> **PROVIDED MATERIAL**:

+++

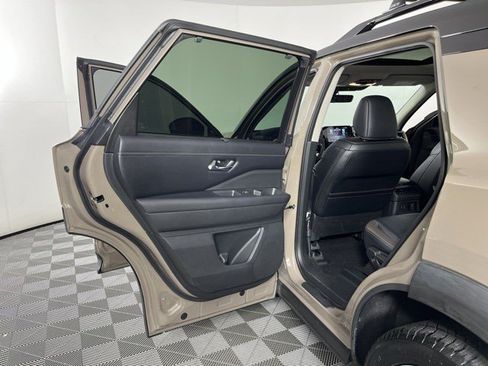 Used 2023 Nissan Pathfinder Platinum w/ Cargo Package AWD/4WD image 39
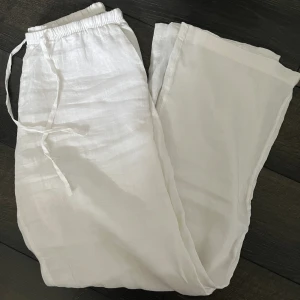 Vita linnebyxor  - Från H&M. Aldrig använda. Sitter som storlek S. 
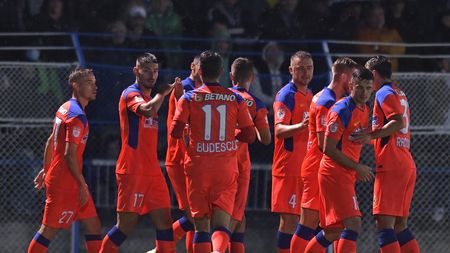 CS Hunedoara – FCSB 3-5, în șaisprezecimile de finală ale Cupei României. Calificare cu emoții pentru bucureșteni, după ce gazdele au revenit de la 0-3 și au împins meciul în prelungiri!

+++

Would you return the data above exactly as written, minus the images?

> **SOLUTION FOR THIS EXERCISE**:
 Used 2023 Nissan Pathfinder Platinum w/ Cargo Package AWD/4WD image 39
 Vita linnebyxor  - Från H&M. Aldrig använda. Sitter som storlek S. 
 CS Hunedoara – FCSB 3-5, în șaisprezecimile de finală ale Cupei României. Calificare cu emoții pentru bucureșteni, după ce gazdele au revenit de la 0-3 și au împins meciul în prelungiri!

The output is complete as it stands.